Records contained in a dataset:

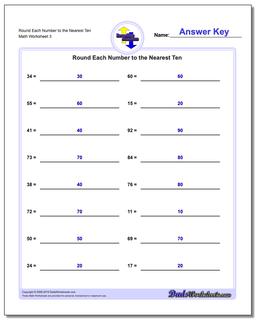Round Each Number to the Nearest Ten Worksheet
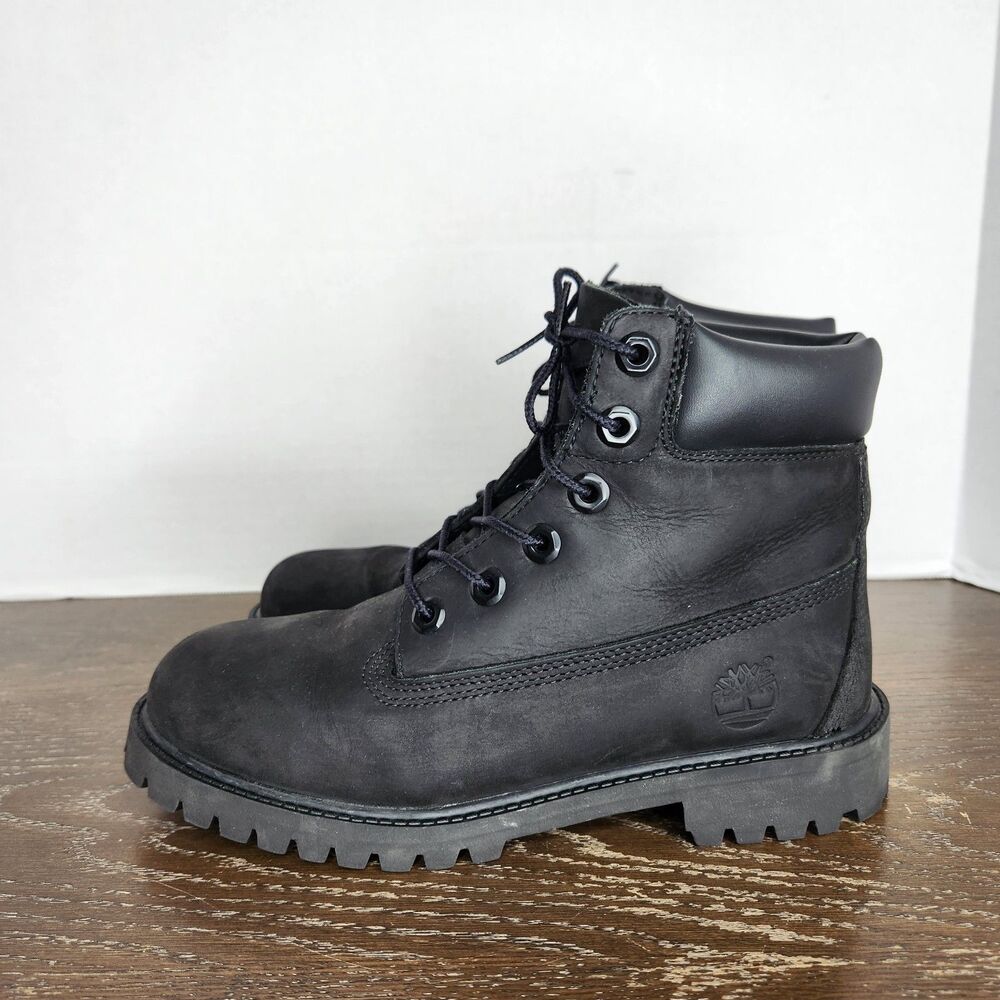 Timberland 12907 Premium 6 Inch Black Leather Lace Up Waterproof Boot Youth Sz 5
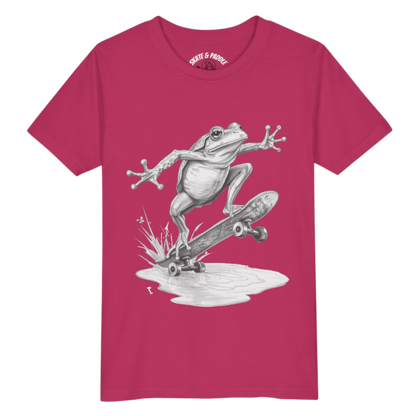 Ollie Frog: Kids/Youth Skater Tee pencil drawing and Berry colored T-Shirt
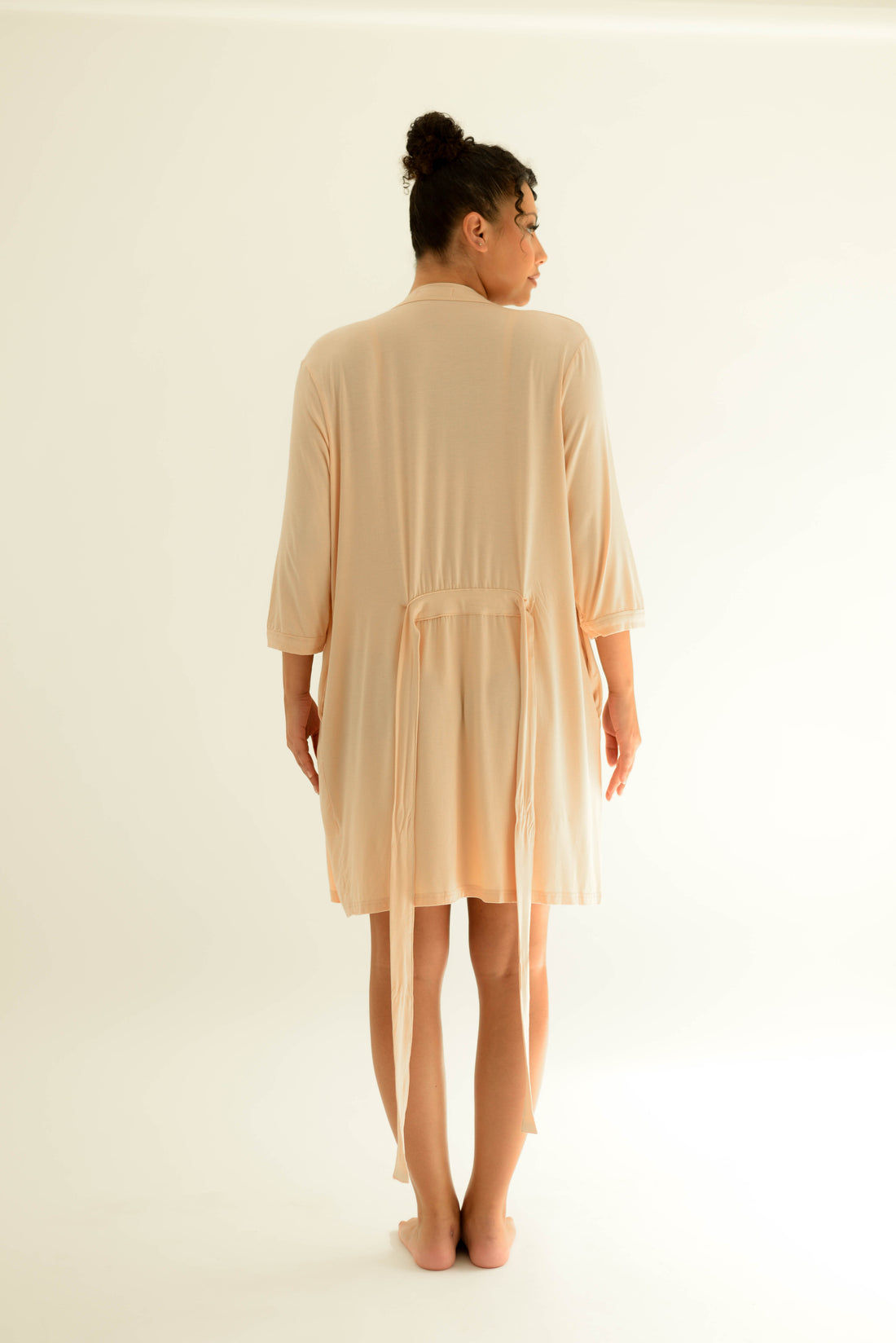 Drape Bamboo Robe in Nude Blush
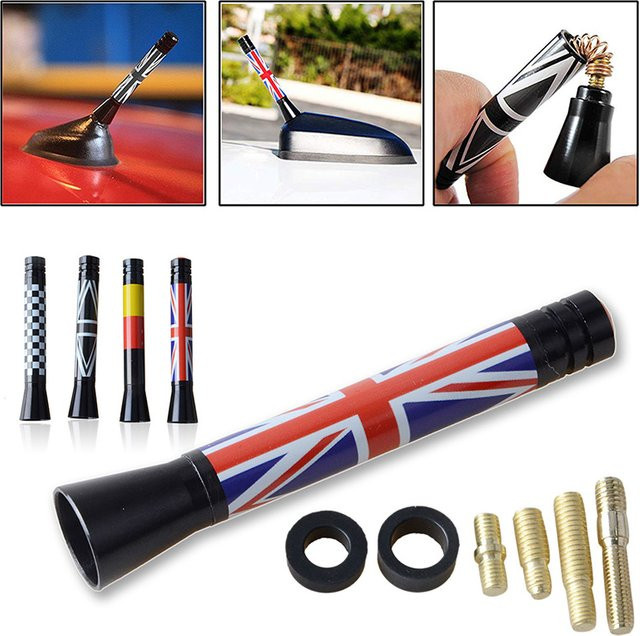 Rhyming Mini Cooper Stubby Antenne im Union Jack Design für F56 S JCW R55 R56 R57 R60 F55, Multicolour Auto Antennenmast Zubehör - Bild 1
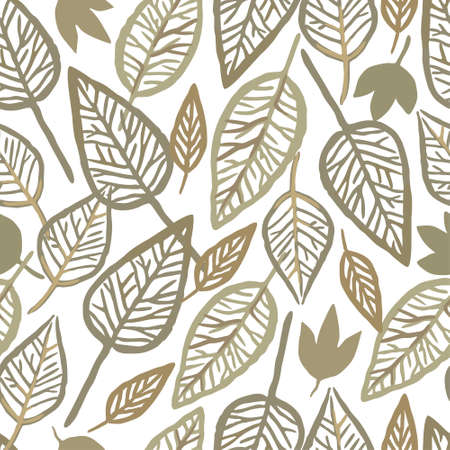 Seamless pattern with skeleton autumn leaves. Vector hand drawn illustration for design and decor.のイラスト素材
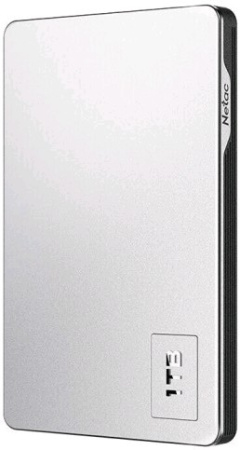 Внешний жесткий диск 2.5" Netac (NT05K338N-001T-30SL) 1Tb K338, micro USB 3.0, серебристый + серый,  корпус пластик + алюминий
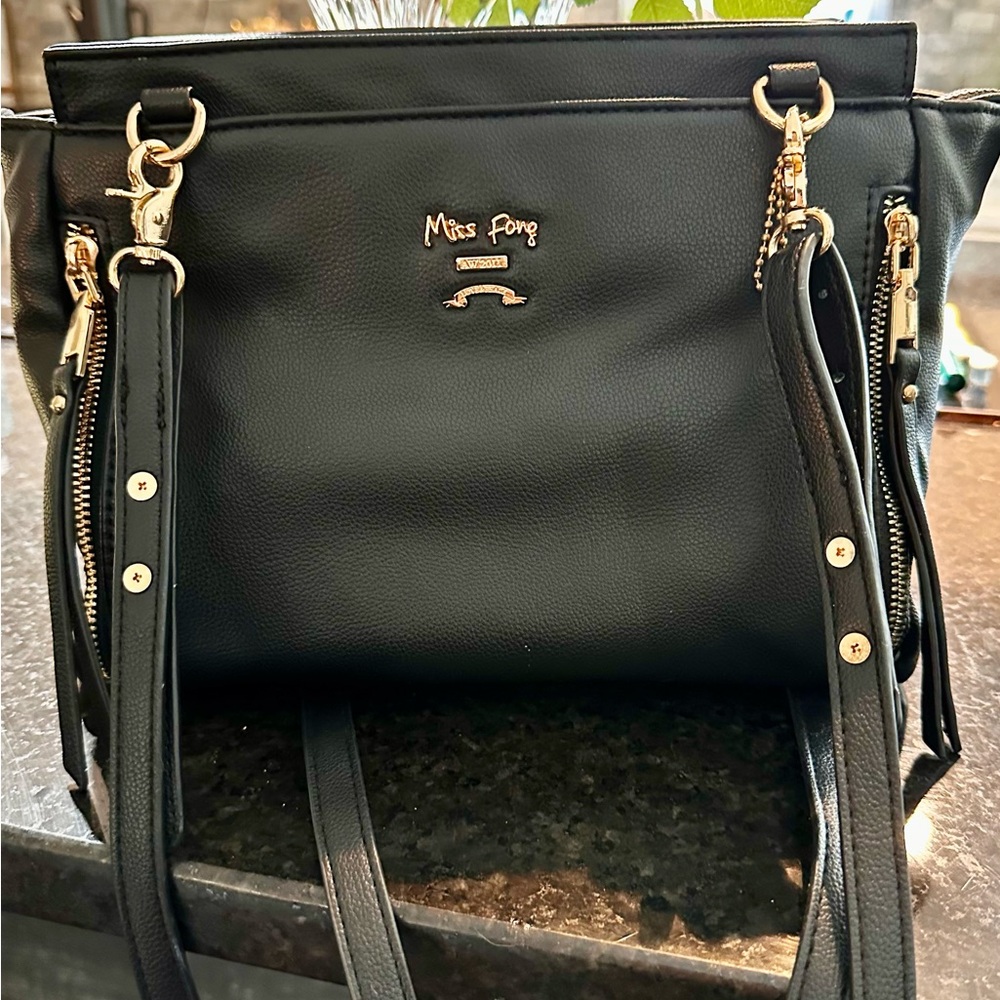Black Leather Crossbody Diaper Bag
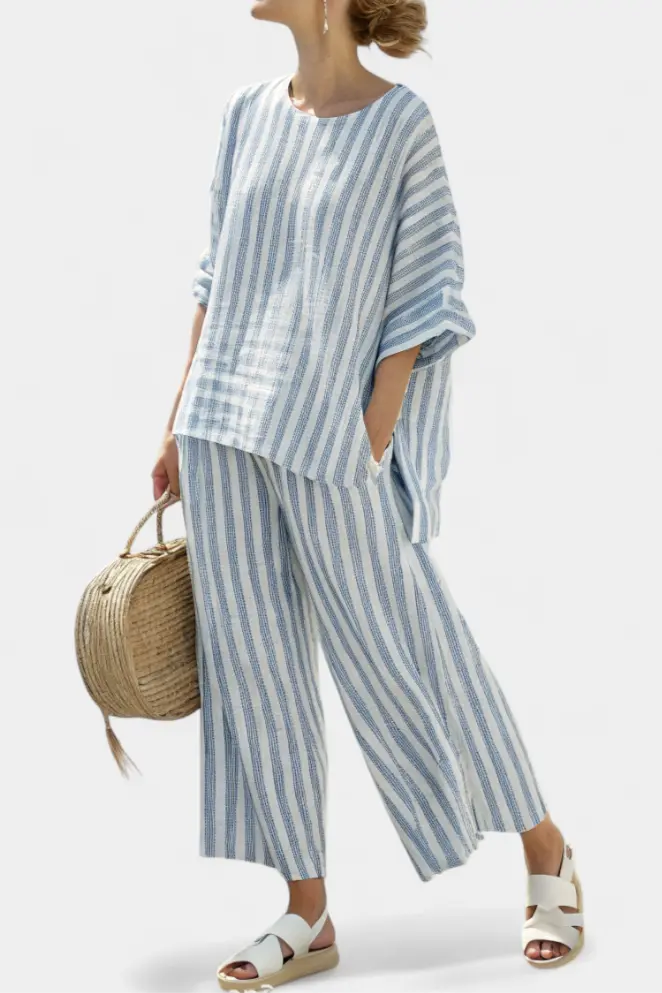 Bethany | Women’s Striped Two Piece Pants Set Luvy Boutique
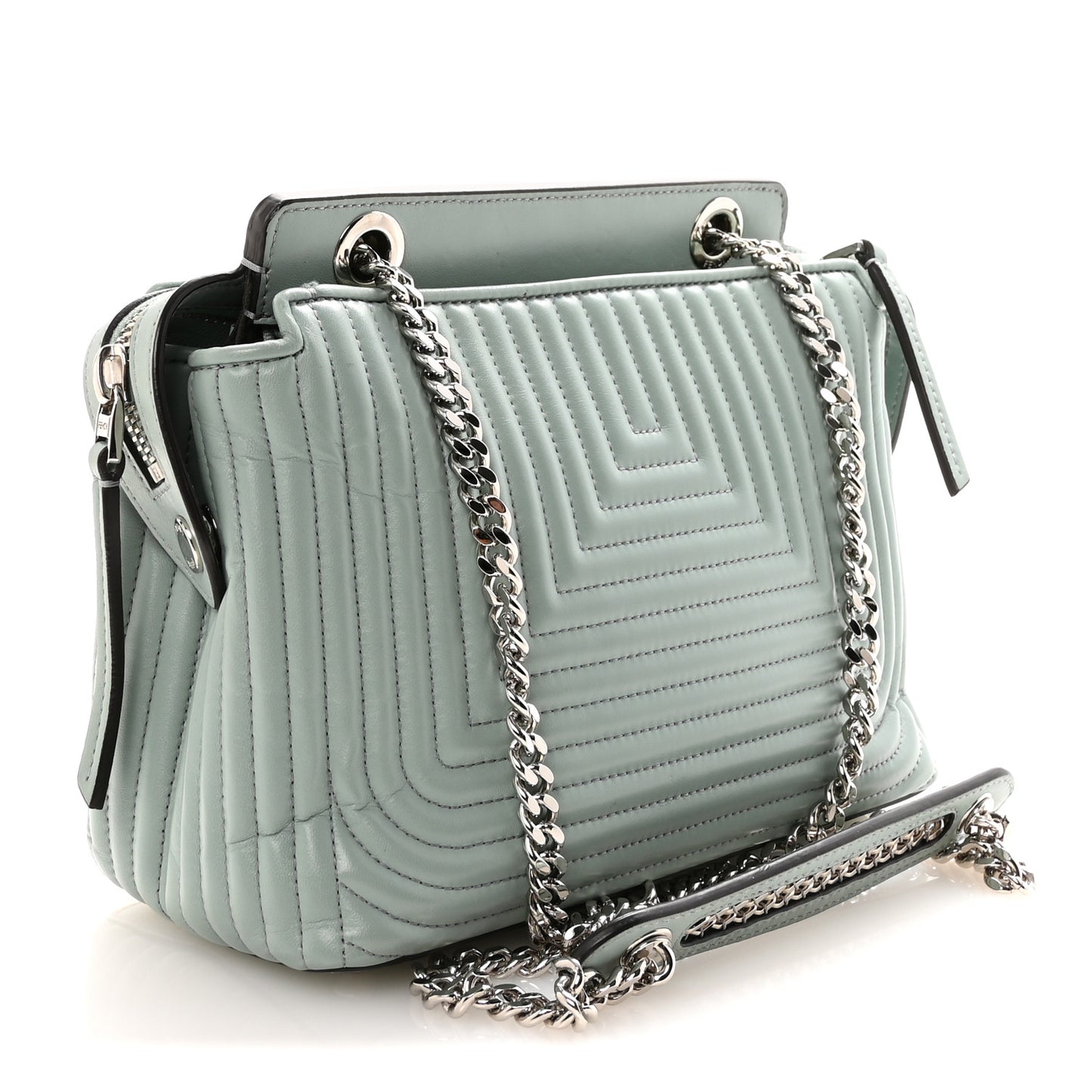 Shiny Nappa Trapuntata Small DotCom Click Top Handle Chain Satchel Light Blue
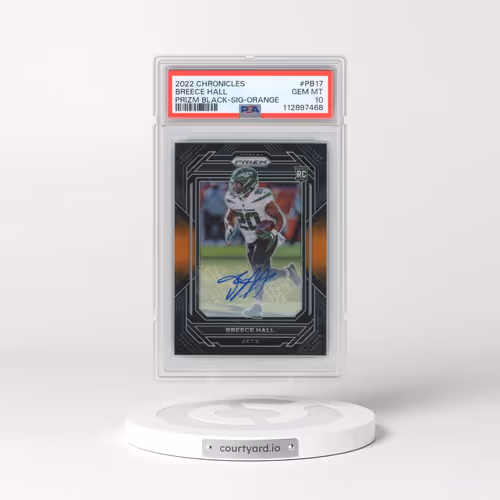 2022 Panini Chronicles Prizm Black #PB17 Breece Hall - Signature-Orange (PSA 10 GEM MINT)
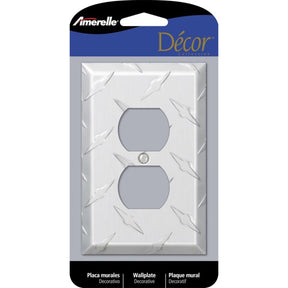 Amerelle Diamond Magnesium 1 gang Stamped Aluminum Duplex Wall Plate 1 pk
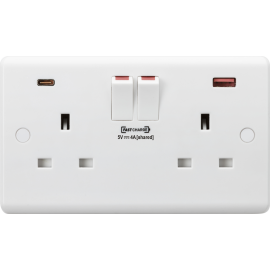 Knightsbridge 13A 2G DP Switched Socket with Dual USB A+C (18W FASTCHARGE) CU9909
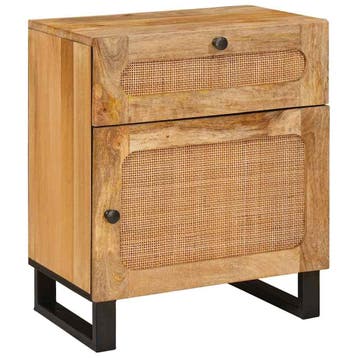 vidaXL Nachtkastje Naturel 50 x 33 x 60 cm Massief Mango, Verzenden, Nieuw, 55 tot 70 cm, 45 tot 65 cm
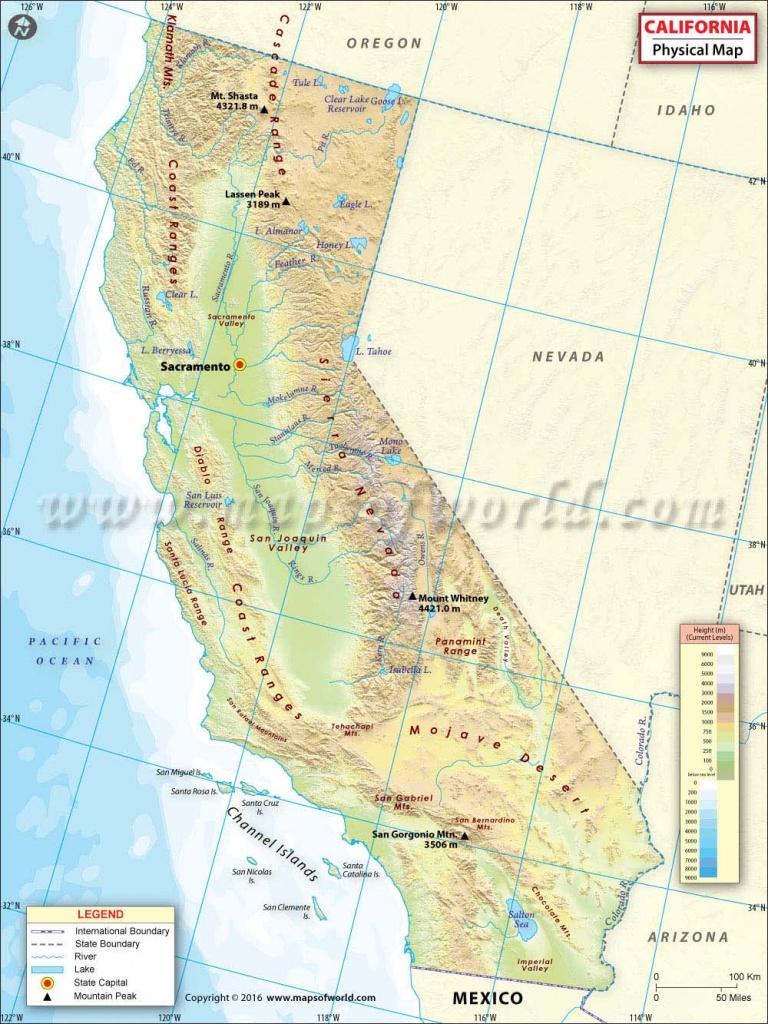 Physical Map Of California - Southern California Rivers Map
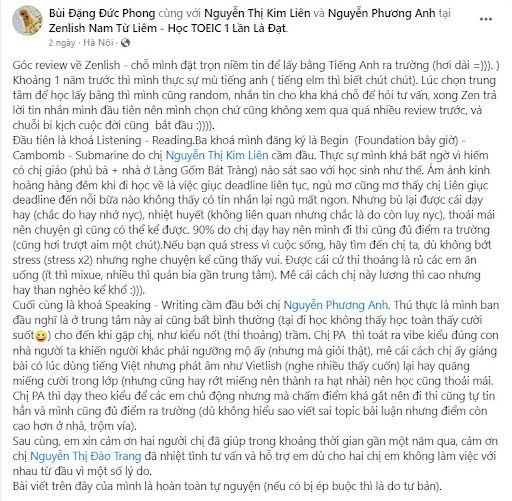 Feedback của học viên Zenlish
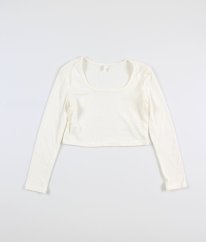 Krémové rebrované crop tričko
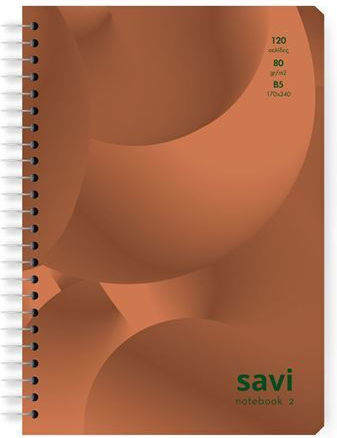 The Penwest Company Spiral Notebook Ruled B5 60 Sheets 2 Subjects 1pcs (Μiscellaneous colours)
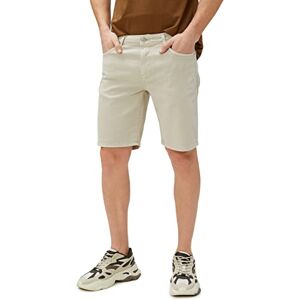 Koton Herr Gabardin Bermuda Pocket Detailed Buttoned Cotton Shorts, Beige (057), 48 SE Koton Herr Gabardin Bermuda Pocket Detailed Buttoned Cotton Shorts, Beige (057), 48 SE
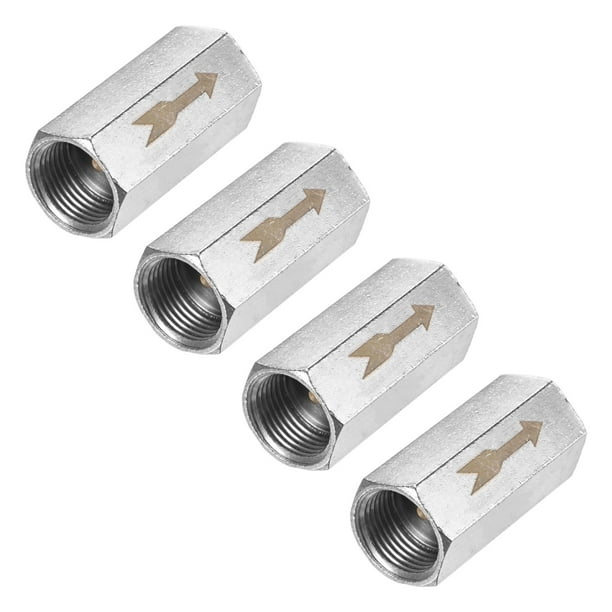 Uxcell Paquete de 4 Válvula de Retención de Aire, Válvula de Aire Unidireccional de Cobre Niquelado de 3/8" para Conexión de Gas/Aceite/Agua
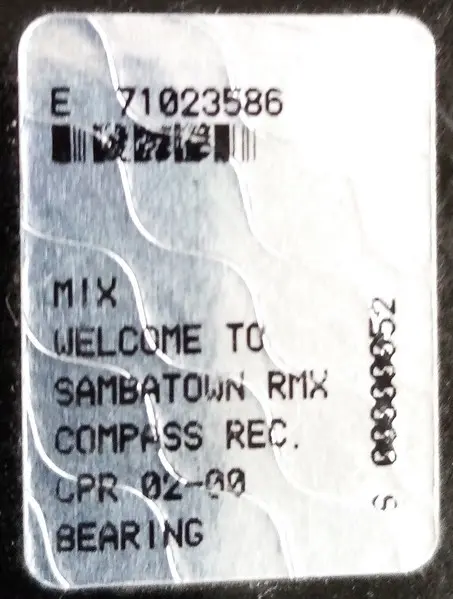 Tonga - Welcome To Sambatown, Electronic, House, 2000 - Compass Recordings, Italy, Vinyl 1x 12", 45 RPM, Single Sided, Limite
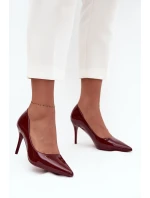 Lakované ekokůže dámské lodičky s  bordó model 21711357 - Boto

- About this exercise
Make an exact copy of only those lines that run from the line with "Bethany | Women’s" through the end of the records, excluding pictures.

- Answer section
 Bethany | Women’s Striped Two Piece Pants Set Luvy Boutique
 Shiny Nappa Trapuntata Small DotCom Click Top Handle Chain Satchel Light Blue
 2022 Panini Chronicles Prizm Black #PB17 Breece Hall - Signature-Orange (PSA 10 GEM MINT)
 Amerelle Diamond Magnesium 1 gang Stamped Aluminum Duplex Wall Plate 1 pk
 Knightsbridge 13A 2G DP Switched Socket with Dual USB A+C (18W FASTCHARGE) CU9909
 vidaXL Nachtkastje Naturel 50 x 33 x 60 cm Massief Mango, Verzenden, Nieuw, 55 tot 70 cm, 45 tot 65 cm
 Physical Map Of California - Southern California Rivers Map
 Feedback của học viên Zenlish
 Krémové rebrované crop tričko
 The Penwest Company Spiral Notebook Ruled B5 60 Sheets 2 Subjects 1pcs (Μiscellaneous colours)
 Koton Herr Gabardin Bermuda Pocket Detailed Buttoned Cotton Shorts, Beige (057), 48 SE Koton Herr Gabardin Bermuda Pocket Detailed Buttoned Cotton Shorts, Beige (057), 48 SE
 Uxcell Paquete de 4 Válvula de Retención de Aire, Válvula de Aire Unidireccional de Cobre Niquelado de 3/8" para Conexión de Gas/Aceite/Agua
 Tonga - Welcome To Sambatown, Electronic, House, 2000 - Compass Recordings, Italy, Vinyl 1x 12", 45 RPM, Single Sided, Limite
 Lakované ekokůže dámské lodičky s  bordó model 21711357 - Boto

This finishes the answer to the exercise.